L'une et l'autre de ces deux technologies sert à faire des images.

L'une d'entre-elles devra faire encore quelques progrès, l'autre largement aboutie, pourrait nous réserver encore quelques surprises si les fabricants s'en donnaient la peine. Mais le feront-ils ?



LE NUMERIQUE

capteur Désormais le numérique est omniprésent sur le marché du matériel et si l'on peut encore  dans une certaine mesure parler de "cohabitation", je crains que l'argentique  après quelques résistances limitées aux experts finisse au "palais de la découverte" pour l'édification de nos petit-enfants. Cependant on est tenté de dire qu'aujourd'hui, beaucoup ne trouvent pas encore leur compte dans les machines à pixels, sauf ceux qui se précipitent sur toute nouveauté "numérique" au point d'en oublier parfois qu'ils sont censé faire des images avec. Sans doute est-ce dù au fait que, pour le moment, ce matériel n'est pas très abouti en terme de rapport-qualité-prix, et que sa technologie attends encore que tombent bon nombre de barrières.

Tout d'abord en ce qui concerne les capteurs. Pour des raisons de coûts de fabrication, peu d'entre-eux atteignent le format "standard" du 24*36 pour lesquels nos optiques lambda ont été conçues. Et si en cet automne 2007 les capacités tournent autour de 10-12 negapixels, celà accentue encore un peu plus leur déficit de sensibilité "native" et plombe encore davantage le manque de tolérance de pose qui peine à rivaliser avec la diapo pourtant déjà pas très ouverte en ce domaine.
Alors c'est la course aux Firmwares chargés de remédier à tout celà, selon des dosages plus ou moins tenus secrêts par les constructeurs qui s'évertuent à proposer des images plus ou moins "croustillantes" et flatteuses en sortie. Bref nos images sont largement trafiquées, au point que les reprendre dans un retoucheur (heureusement il y a le raw) devient parfois difficile.
Ainsi les discussions que l'on peut lire ici ou entendre là, courent bien davantage sur l'utilisation des logiciels ou les mérites respectifs des cmos et autres ccd, sans oublier les versions des logiciels embarqués, bien davantage disais-je que sur les recadrages la lumière et les angles de prise de vue.

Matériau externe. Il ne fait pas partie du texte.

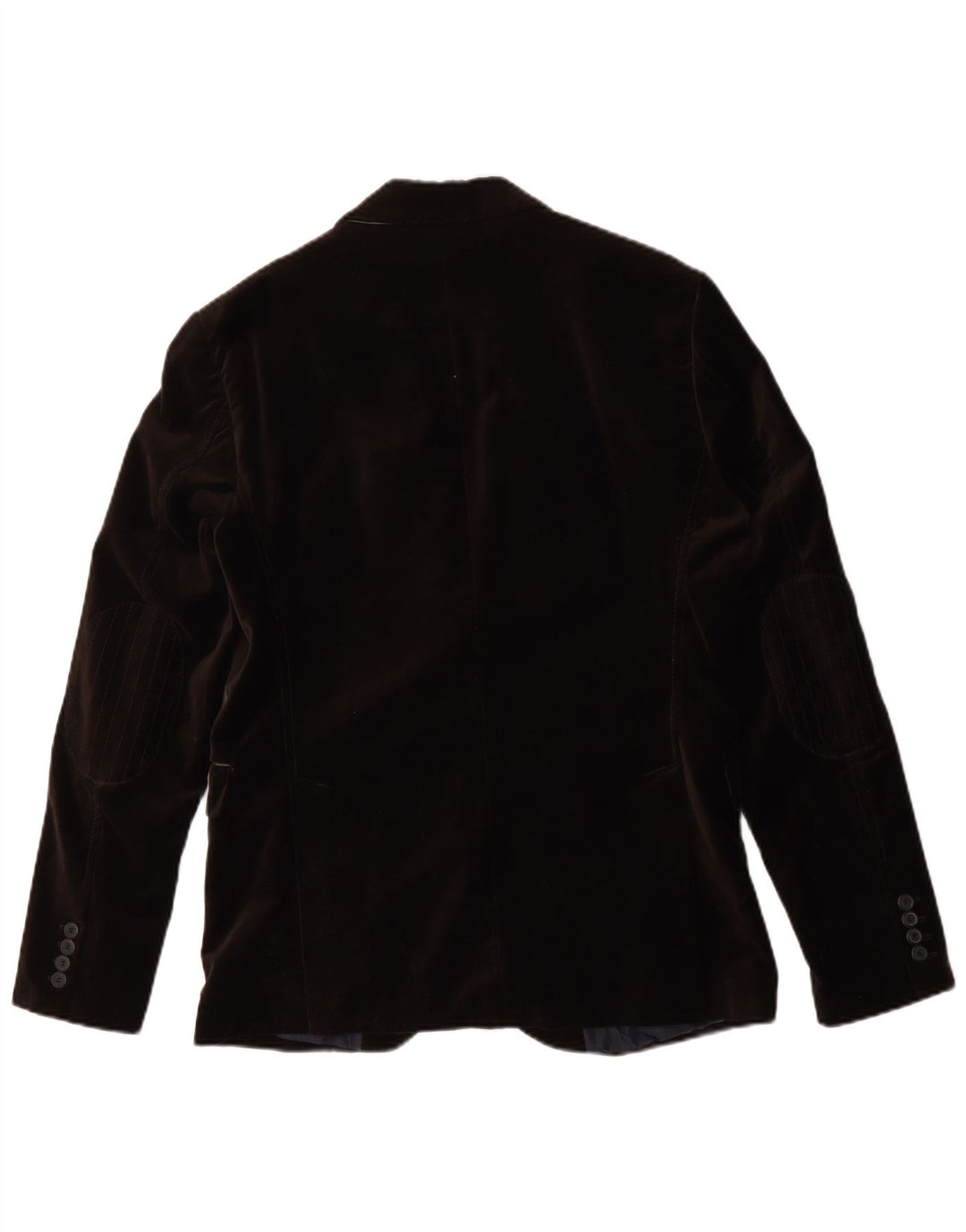 Zara Mens 2 Button Velour Blazer Jacket EU 50 Medium Brown Polyester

Ensuite, comme dis plus haut, les optiques ont vu leurs performances largement modifiées - surtout les grands angles - en raison de la taille actuelle de la majorité des capteurs et de leurs résolution en constante progression. Les fabricants ont donc produis des versions mieux adaptées au numérique, avec d'autant plus d'enthousiasme que celà a forcé quelque peu au renouvellement d'un parc d'objectifs qui par définition restait assez statique tant chez les pros que chez les amateurs avertis.
Que deviendront ces cailloux lorsque tous les boitier seront équipés de Full-Frame à plus de 30 megapixels ? Des super-grands-angles ? Pas sûre qu'ils soient bien adaptés à de telles résolutions. Pas plus que nos actuels (et vieux) 50 mm ! Simplement ces derniers sont plus qu'amortis et sans doute aurons-nous encore la possibilité d'acquérir des SLR "limités" sur lesquels montreront encore ce qu'ils savent faire.



L'ARGENTIQUE

Après avoir annoncé des coupes drastiques dans la recherche argentique, les fabriquants de "pelloche" (du moins ceux qui restent en lice) tentent de maintenir une production qui - devenue marginale - continue néanmoins à sortir de nouveaux films aux performances toujours plus avancées, des films plus fins et plus façiles (diapos) à numériser, et ayant des carracteristique de plus en plus ciblées. Mais comme il faut bien vivre, c'est vers les papiers destinés à nos imprimantes qu'ils ont tourné le plus gros de leur production.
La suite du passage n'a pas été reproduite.